O nome de Maria Adelaide Rosado Pinto (1913-1997) está ligado a Setúbal, não só porque aqui nasceu, mas sobretudo pela obra ímpar que, na área da música, promoveu como estudiosa, professora, autora, fundadora de instituições, divulgadora da arte. O seu trajecto veio, aliás, dar continuidade ao de seu pai, Celestino Rosado Pinto (1872-1963), também ele setubalense, com uma carreira invulgar de regente, intérprete e compositor.

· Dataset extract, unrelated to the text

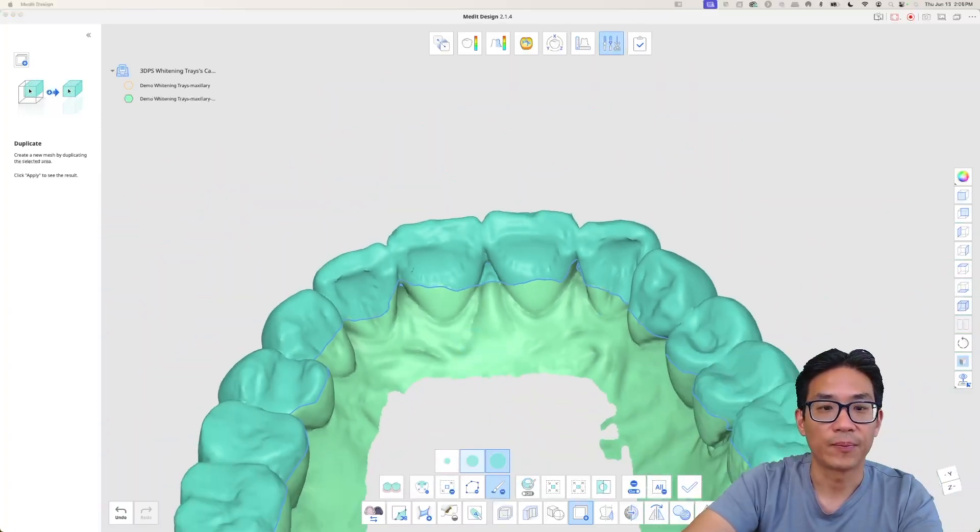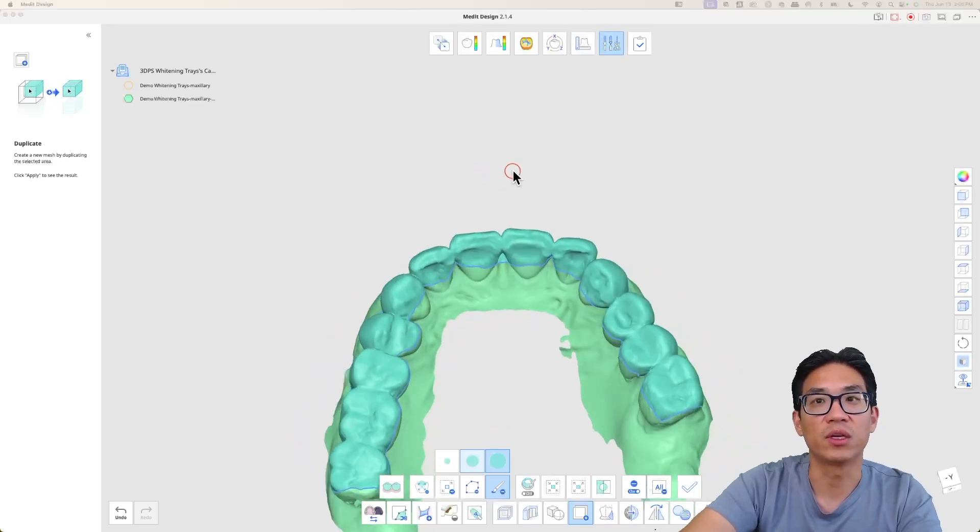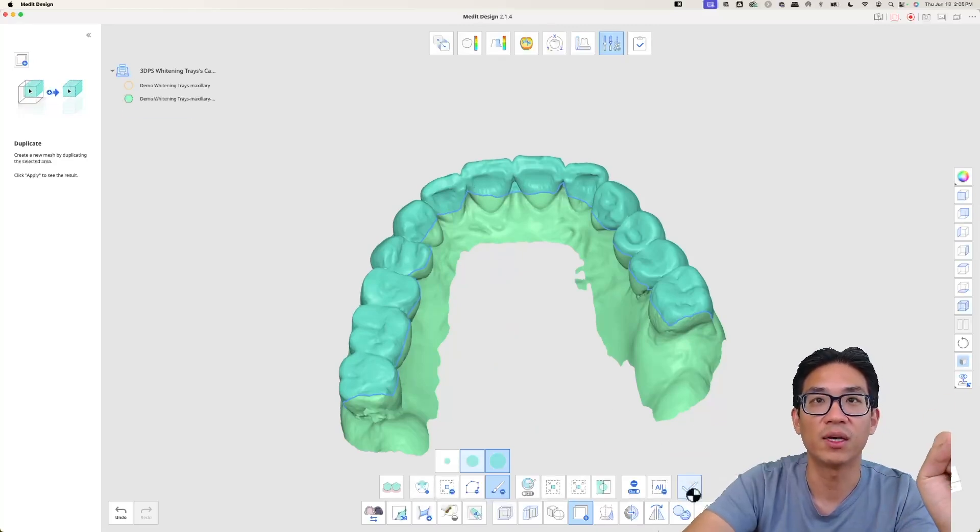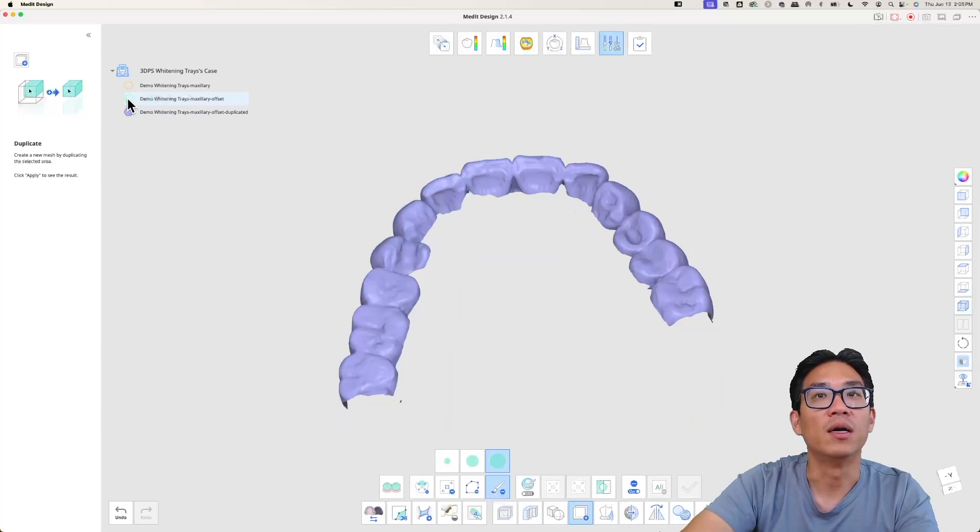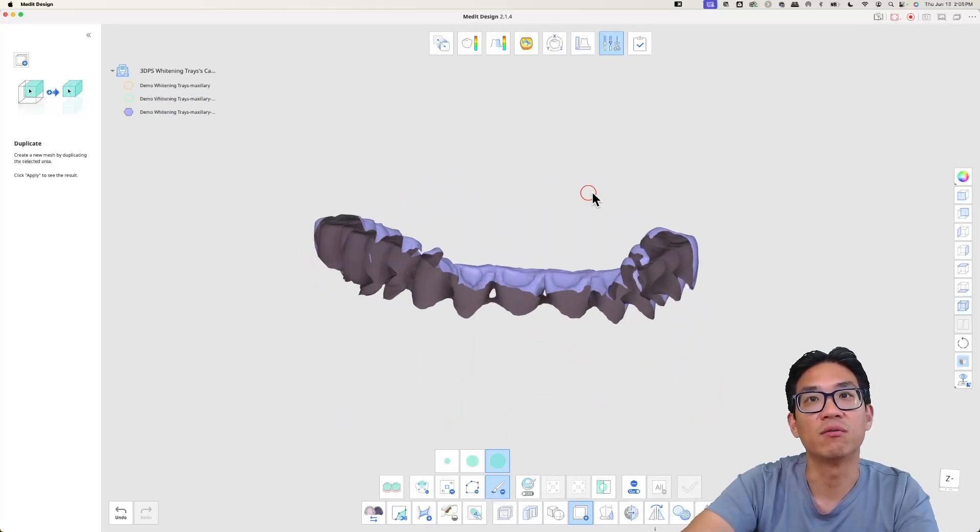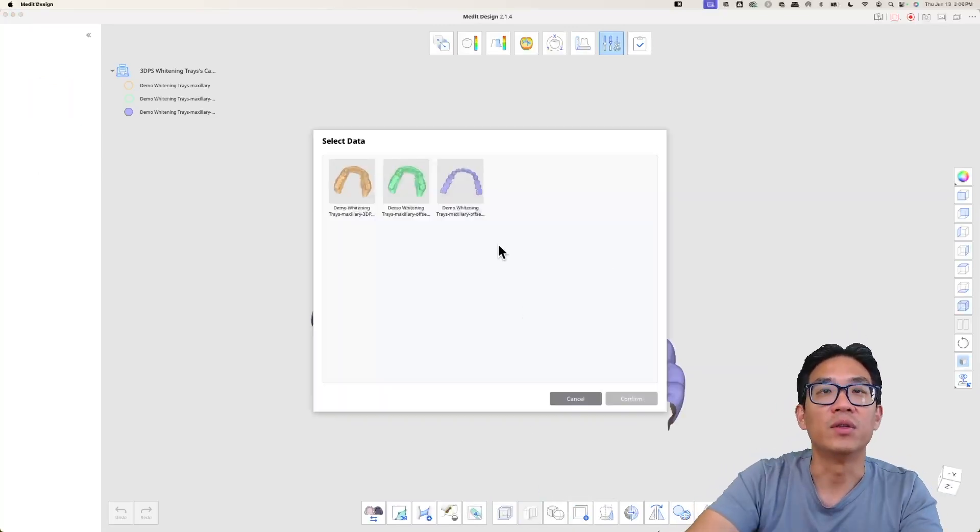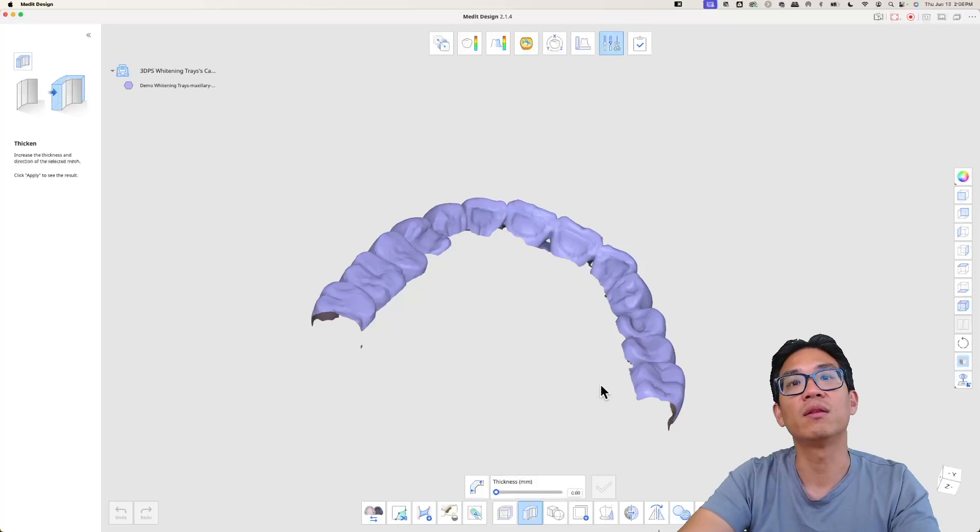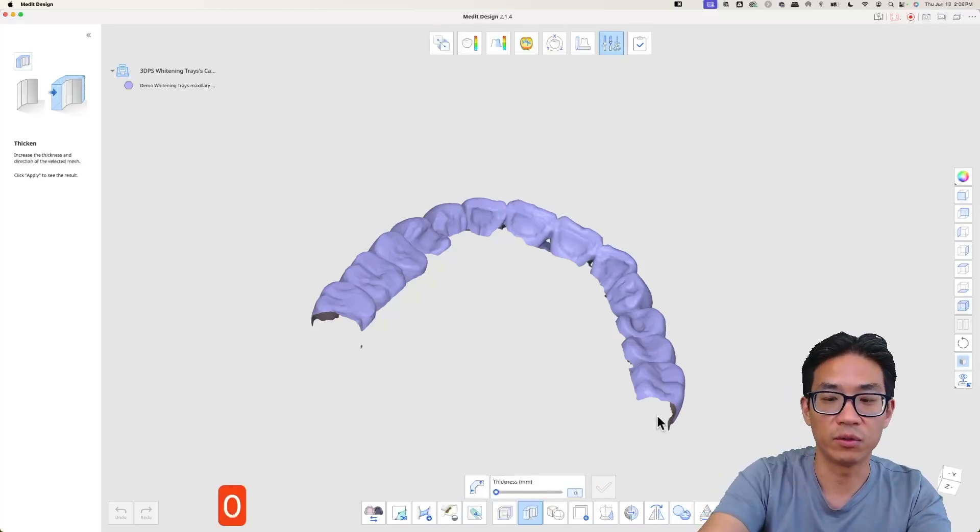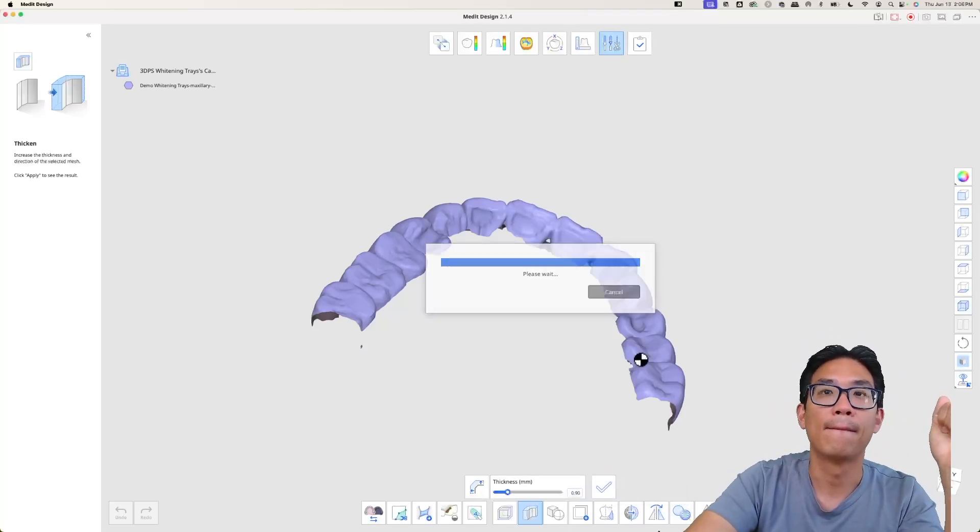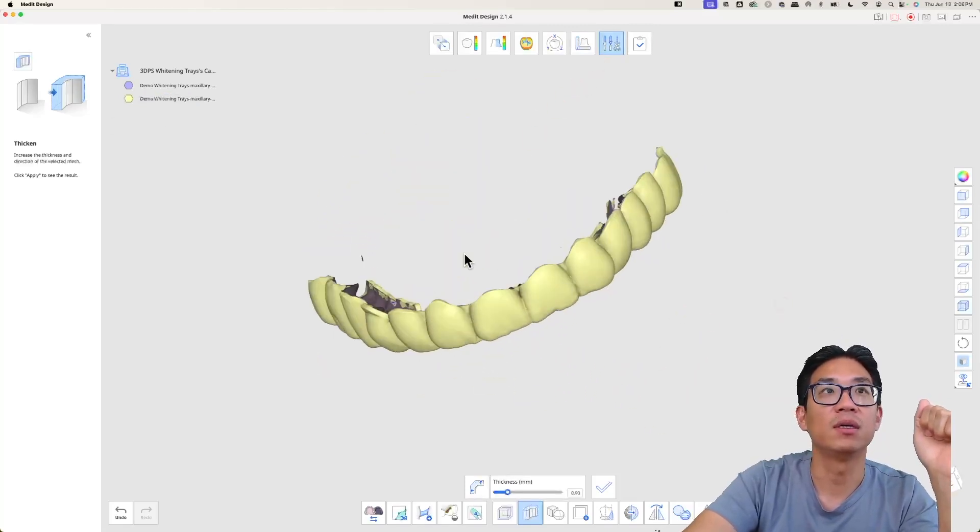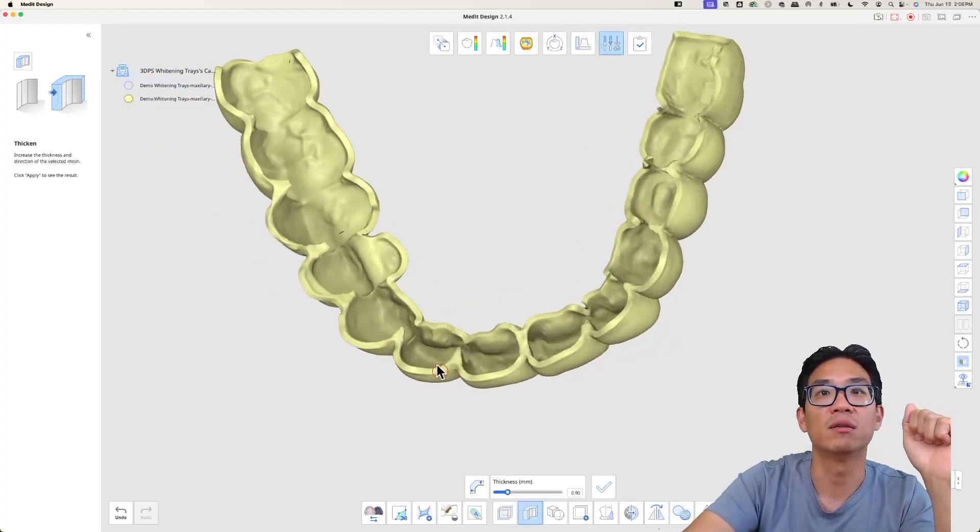So that's basically the duplicate function where I'm telling the software, the area that I've selected I want to duplicate. Now I hit apply and now it's been duplicated. We want to thicken, so now we did a 0.1 offset and now we want to thicken it to 0.9 millimeters. We hit the thicken button and we're doing 0.9 millimeters and hit check mark. Here is the whitening tray.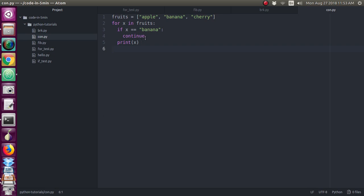The continue statement will skip whatever statements are given after it for the current iteration only. So print x — even if you have 10 statements after continue, they will all be skipped for the current iteration. In this example there is no print statement executed after the continue, so banana will not be printed, but it will go to the next iteration. In the third iteration, cherry is given: cherry is not equal to banana, so it will come to the print statement and cherry will be printed.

A continuidade da obra de um na obra do outro torna-se visível no livro Toadas, cantares e danças de Setúbal e sua região - Factos e tradições, assinado por Maria Adelaide Rosado Pinto (Setúbal: Junta Distrital de Setúbal, 1971), que se apoiou, em grande parte, na recolha musical e etnográfica levada a cabo por seu pai, obra que continua a ser hoje um elemento importante, aliando a arte musical a marcas identitárias da região sadina em várias manifestações da cultura local.
O primeiro grupo da recolha incide sobre as canções ligadas ao rio, ambiente de pescadores e de salineiros que, com “os seus ritmos de puxar redes e mover remos, as suas frases típicas, as suas toadas, cantilenas e danças mais ou menos alegres ou nostálgicas, características da beira-mar, davam a estas margens um pitoresco e caprichoso colorido”. Dos pescadores de Troino, ouvidos “mar fora, entoando os seus cantares durante a agitada labuta marítima”, conhece o leitor composições como “Barca velha” (1885), “Toada da beira-mar” (1889) e “Cantilena do mar” (1894), esta com a nota de ter sido “recolhida numa noite passada num barco de pesca fora da barra de Setúbal”. Do lado das Fontainhas, zona mais festiva, pode-se encontrar “Trova do mar” (1905), “Vira vira” e “Vira do Sul” (1918) e “Descante” (1919). Passa por este conjunto de cantigas a vida do mar, o amor, a festa, o galanteio, o ritmo da vida.
Um outro conjunto regista cantares de cunho religioso, como as loas do Círio de Setúbal da festa de Nossa Senhora da Arrábida na versão de 1853, um cântico dedicado à Senhora do Cabo (1865), os cantares à Nossa Senhora do Cais (1927 e 1928) e prece e agradecimento ao Senhor do Bonfim (1836), manifestações dominadas pelo pedido de auxílio nas mais variadas situações e pelo agradecimento.
O terceiro tema assenta sobre festas tradicionais da região, ligadas aos santos populares ou a momentos peculiares do ano (desfolhadas, Natal), composições muitas vezes construídas para envolverem a dança, retratando trabalhos, momentos de festa, relações entre as pessoas, formas de viver.
Os textos poéticos, sempre acompanhados da respectiva partitura musical, surgem agrupados tematicamente, depois de curto texto introdutório de contextualização, muitas vezes expandindo um sentido de deslumbramento perante os quadros populares. Ao longo do livro, vai o leitor sendo contemplado com algumas fotografias locais devidas a Américo Ribeiro, havendo ainda espaço para a descrição de trajos regionais por onde passam o descarregador de peixe, o marítimo, a peixeira, o pescador, a varina, a rapariga das ostras, a vendedeira de melancias, o leiteiro, a saloia, figuras desenhadas pelo traço de Inês Guerreiro.
Tão notório é o propósito pedagógico que acompanha esta obra, manifestado na intenção de dar a conhecer aos leitores a origem das danças e cantares que enfeitam as manifestações religiosas, festivas e de trabalho, que a sua leitura se torna fácil, esclarecedora e apetecível.
* "500 Palavras". O Setubalense: nº 403, 2020-05-27, pg. 8.